Портер был совершенно лишен тщеславия. Оно не проявлялось ни в его произведениях, ни во время наблюдений. Я никогда не видел, чтобы он делал заметки на виду у публики. Только изредка он записывал какое-нибудь слово на уголке салфетки.
Он не желал, чтобы другие знали, о чем он думает. Ему не нужно было делать заметок, ибо он не принадлежал к кропателям. Он переливал свои мысли в рассказы еще совсем теплыми и трепещущими.
Несмотря на всю кажущуюся беспечность и легкомыслие, подчас даже некоторую безалаберность моего друга, в нем, я уверен, жила твердая и непоколебимая верность цели, непреклонная решимость оградить от всякого постороннего вмешательства свой некогда выработанный план жизни.
Я не раз испытывал на себе, каким замкнутым, отчужденным делало его это страстное стремление оставаться всегда верным самому себе. Он легко сходился с чужими, ибо мог по желанию избавляться от их общества. Он стремился к свободной жизни, не стесняемой никакими условностями. И добивался своего. Это был неисправимый упрямец. Из всех людей, которых я когда-либо знал, Биль Портер, как никто, оставался всегда верен своим природным задаткам.
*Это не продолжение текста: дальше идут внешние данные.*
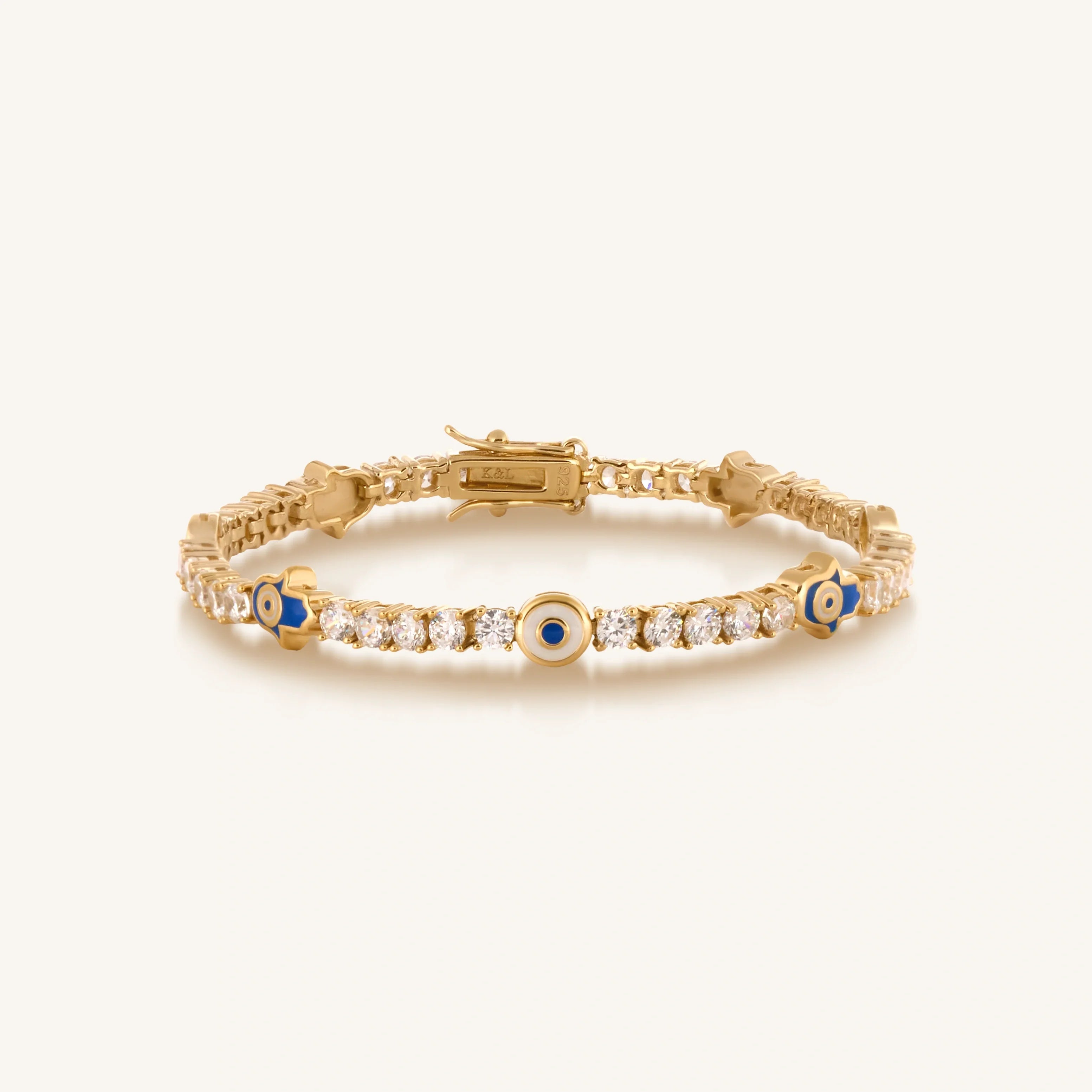 Karma and Luck Warden of Peace Gold Evil Eye & Hamsa Tennis Bracelet - $249.00 at West Path 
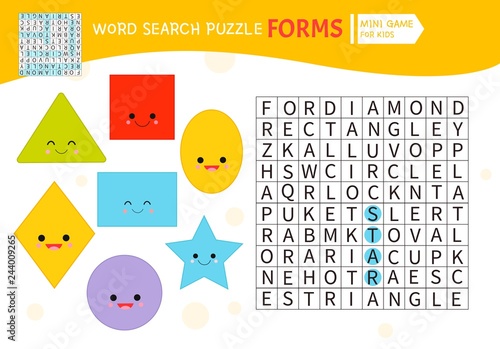 Words puzzle children educational game. Learning vocabulary. Forms.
Как только Нью-Йорк прослышал о золотых россыпях, открытых О. Генри, он тотчас же принес ему дань своего поклонения. Ревностная, бурная толпа почитателем домогалась увидеть его. Двери широко раскрывались перед Портером, и человек, который всего несколько лет назад был отделен от своих близких непреодолимой стеной, теперь стоял в ряду виднейших из них, вызывая у них по желанию смех и слезы. Биль Портер предпочитал одиночество, но не потому, что он презирал общество, и не потому, что боялся гласности, а потому, что он ненавидел обман и лицемерие. А это, как он чувствовал, были неизбежные спутники людей, вращавшихся в обществе.